見たところ、40代か50代か、とにかくもうそれなりに齢を重ねた頃の写真のようだけれども、この写真、とにかく不自然なくらいに毛が多い。しかも黒い。
いまどき、この年代の人間がこんな頭髪情況であれば、間違いなくヅラだと思われるだろう。
しかし、もちろんこれが自前の毛であるのは、その後白髪化していくことからも明らかだ。
そうやって考えてみると、明治生まれや大正生まれくらいまでの日本人には、こういう年齢になっても、異常な毛量(もうりょう・造語です。今、造りました)を誇る人が少なくないように思われる。
真っ先に思い浮かぶのは、小林秀雄。
晩年はやや生え際が後退し、色も真っ白になっていくけれども、それでも量は見事だし、何より若い頃の写真を見ると、その毛量は、現代人の目から見ると異常だ。
ネットでその頃の画像を探してみたのだけれども、あいにく晩年のものしか見つからず、掲載できないのが残念。
川端康成、芥川龍之介、太宰治といった文豪メジャーも、さすがに悩みすぎたのか、生え際こそ後退しているものの、生えている部分以降の毛量は、現在の日本では見られないレベルである。

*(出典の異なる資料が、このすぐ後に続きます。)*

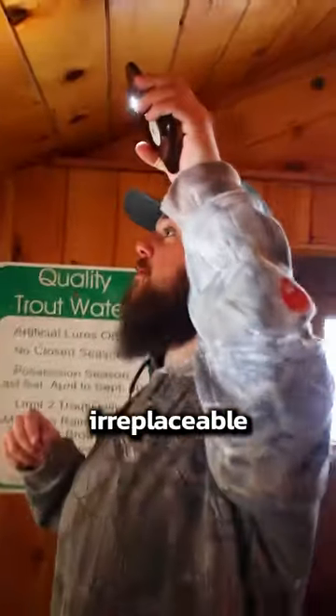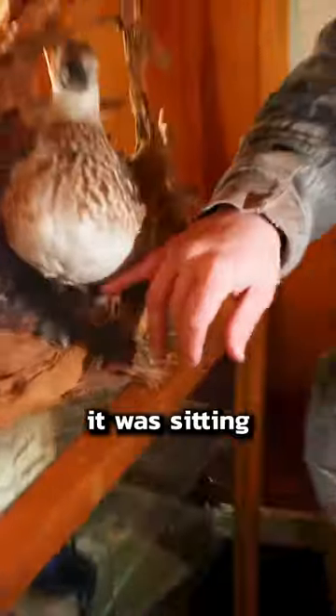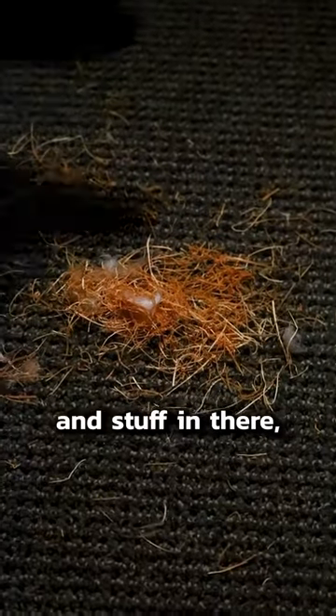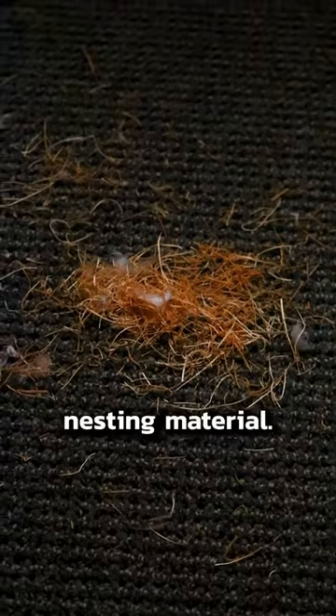These can be irreplaceable memories for these homeowners. This duck looks like it was sitting on a nest and the mice have taken that nesting material, removed it, made it easier access for them to bring it to their homes. You can also see feathers and stuff in there and they're probably using it for their own nesting material.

て言うか、多いだけでなく、1本1本が太そう。固そう。
一方、禿げる者は潔く禿げる。
谷崎潤一郎、森鴎外、内田百輭、志賀直哉。
富める者は悉く富み、貧しき者はあくまでも貧しい。
DNAが実に明快に頭部に反映される世界。
比較的新しい世代では、小澤征爾とかもすごい毛量だと思う。
吉田秀和とは、音楽つながり、か。
確かに、音楽家は毛量が多い、という漠たるイメージがある。
戦後の日本人の食生活は、明らかに我々から、野太く、抜けない毛髪を奪っているものと思われる。